N is INTEGER The number of columns of the matrix A. N >= 0.
A is DOUBLE PRECISION array, dimension (LDA,N) On entry, the M-by-N matrix A. On exit, the elements on and above the diagonal of the array contain the min(M,N)-by-N upper trapezoidal matrix R (R is upper triangular if M >= N); the elements below the diagonal are used to store part of the data structure to represent Q.
LDA is INTEGER The leading dimension of the array A. LDA >= max(1,M).
T is DOUBLE PRECISION array, dimension (MAX(5,TSIZE)) On exit, if INFO = 0, T(1) returns optimal (or either minimal or optimal, if query is assumed) TSIZE. See TSIZE for details. Remaining T contains part of the data structure used to represent Q. If one wants to apply or construct Q, then one needs to keep T (in addition to A) and pass it to further subroutines.
TSIZE is INTEGER If TSIZE >= 5, the dimension of the array T. If TSIZE = -1 or -2, then a workspace query is assumed. The routine only calculates the sizes of the T and WORK arrays, returns these values as the first entries of the T and WORK arrays, and no error message related to T or WORK is issued by XERBLA. If TSIZE = -1, the routine calculates optimal size of T for the optimum performance and returns this value in T(1). If TSIZE = -2, the routine calculates minimal size of T and returns this value in T(1).
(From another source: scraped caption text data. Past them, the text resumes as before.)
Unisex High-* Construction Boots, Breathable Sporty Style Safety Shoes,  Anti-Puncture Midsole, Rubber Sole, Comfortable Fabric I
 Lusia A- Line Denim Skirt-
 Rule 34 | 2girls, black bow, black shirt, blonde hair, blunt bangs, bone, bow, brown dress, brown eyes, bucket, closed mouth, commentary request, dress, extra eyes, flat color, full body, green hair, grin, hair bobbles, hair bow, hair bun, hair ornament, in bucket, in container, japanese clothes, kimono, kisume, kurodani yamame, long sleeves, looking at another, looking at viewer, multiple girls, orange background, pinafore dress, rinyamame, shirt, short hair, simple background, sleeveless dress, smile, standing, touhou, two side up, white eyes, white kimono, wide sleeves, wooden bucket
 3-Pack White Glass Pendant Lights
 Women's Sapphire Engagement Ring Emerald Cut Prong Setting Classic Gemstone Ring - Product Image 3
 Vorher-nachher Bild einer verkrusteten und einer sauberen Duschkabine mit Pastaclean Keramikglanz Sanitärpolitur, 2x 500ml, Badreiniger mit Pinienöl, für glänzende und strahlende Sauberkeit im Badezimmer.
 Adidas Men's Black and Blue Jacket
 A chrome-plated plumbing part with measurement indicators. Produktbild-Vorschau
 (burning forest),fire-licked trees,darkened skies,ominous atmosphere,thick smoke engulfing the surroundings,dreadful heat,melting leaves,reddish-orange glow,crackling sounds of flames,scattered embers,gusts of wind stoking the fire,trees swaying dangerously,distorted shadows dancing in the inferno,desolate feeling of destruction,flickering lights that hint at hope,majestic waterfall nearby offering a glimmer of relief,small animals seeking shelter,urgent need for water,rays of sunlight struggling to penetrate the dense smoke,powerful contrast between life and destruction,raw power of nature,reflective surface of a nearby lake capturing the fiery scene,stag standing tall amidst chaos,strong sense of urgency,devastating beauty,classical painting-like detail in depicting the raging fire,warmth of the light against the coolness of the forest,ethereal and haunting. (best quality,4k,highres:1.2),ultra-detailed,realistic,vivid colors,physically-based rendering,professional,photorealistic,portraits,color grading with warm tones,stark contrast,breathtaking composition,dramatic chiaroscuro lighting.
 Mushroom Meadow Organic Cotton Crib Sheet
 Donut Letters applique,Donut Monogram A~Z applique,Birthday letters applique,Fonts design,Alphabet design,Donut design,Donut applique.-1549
(workspace) DOUBLE PRECISION array, dimension (MAX(1,LWORK)) On exit, if INFO = 0, WORK(1) contains optimal (or either minimal or optimal, if query was assumed) LWORK. See LWORK for details.
LWORK is INTEGER The dimension of the array WORK. If LWORK = -1 or -2, then a workspace query is assumed. The routine only calculates the sizes of the T and WORK arrays, returns these values as the first entries of the T and WORK arrays, and no error message related to T or WORK is issued by XERBLA. If LWORK = -1, the routine calculates optimal size of WORK for the optimal performance and returns this value in WORK(1). If LWORK = -2, the routine calculates minimal size of WORK and returns this value in WORK(1).
INFO is INTEGER = 0: successful exit < 0: if INFO = -i, the i-th argument had an illegal value
Univ. of California Berkeley
Univ. of Colorado Denver
The goal of the interface is to give maximum freedom to the developers for creating any QR factorization algorithm they wish. The triangular (trapezoidal) R has to be stored in the upper part of A. The lower part of A and the array T can be used to store any relevant information for applying or constructing the Q factor. The WORK array can safely be discarded after exit.
Caution: One should not expect the sizes of T and WORK to be the same from one LAPACK implementation to the other, or even from one execution to the other. A workspace query (for T and WORK) is needed at each execution. However, for a given execution, the size of T and WORK are fixed and will not change from one query to the next.
Further Details particular to this LAPACK implementation:
These details are particular for this LAPACK implementation. Users should not take them for granted. These details may change in the future, and are unlikely not true for another LAPACK implementation. These details are relevant if one wants to try to understand the code. They are not part of the interface.
In this version,
Depending on the matrix dimensions M and N, and row and column block sizes MB and NB returned by ILAENV, DGEQR will use either DLATSQR (if the matrix is tall-and-skinny) or DGEQRT to compute the QR factorization.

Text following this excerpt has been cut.